Cloud infrastructure spending crossed $675 billion in 2025. About 27% of it was wasted. That percentage has held between 27% and 32% every single year since 2019. Nobody is getting better at this (Spendark: State of Cloud Waste 2026).
Kubernetes was supposed to help. Pack more workloads onto fewer machines, scale up when you need it, scale down when you don’t. The theory is sound.
The practice is that most Kubernetes clusters run at 8% CPU utilization and 20% memory utilization, which is worse than the year before (Cast AI: 2026 State of Kubernetes Resource Optimization).

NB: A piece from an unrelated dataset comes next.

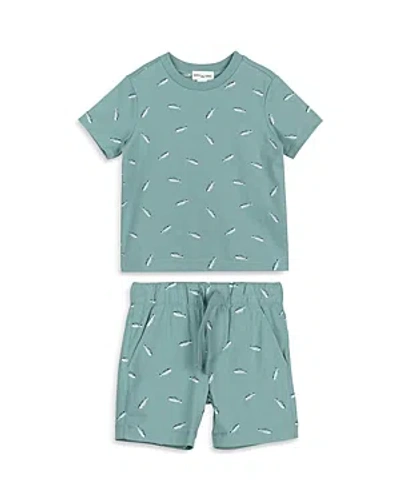 Miles The Label Boys' Cotton Fishbone Print Tee & Shorts Set - Baby In Teal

This post walks through where the waste is hiding, how to measure it with tools you probably already have, and what to fix first.
Where the waste actually is
The numbers from Cast AI’s 2026 report, measured across tens of thousands of production clusters on AWS, GCP, and Azure:
| Metric | 2025 | 2026 | Direction |
|---|---|---|---|
| CPU utilization | 10% | 8% | Getting worse |
| Memory utilization | 23% | 20% | Getting worse |
| CPU overprovisioning | 40% | 69% | Getting much worse |
| Memory overprovisioning | — | 79% | — |
| GPU utilization | — | 5% | — |
That CPU number is worth sitting with for a moment. For every dollar you spend on CPU in your Kubernetes cluster, 92 cents of compute sits idle. Not reserved for burst capacity. Not allocated for failover. Just unused.
GPU is even worse. Teams running AI and ML workloads on Kubernetes are paying for GPU instances at $2-4 per hour per GPU and using 5% of the capacity. That is not a rounding error. That is burning money.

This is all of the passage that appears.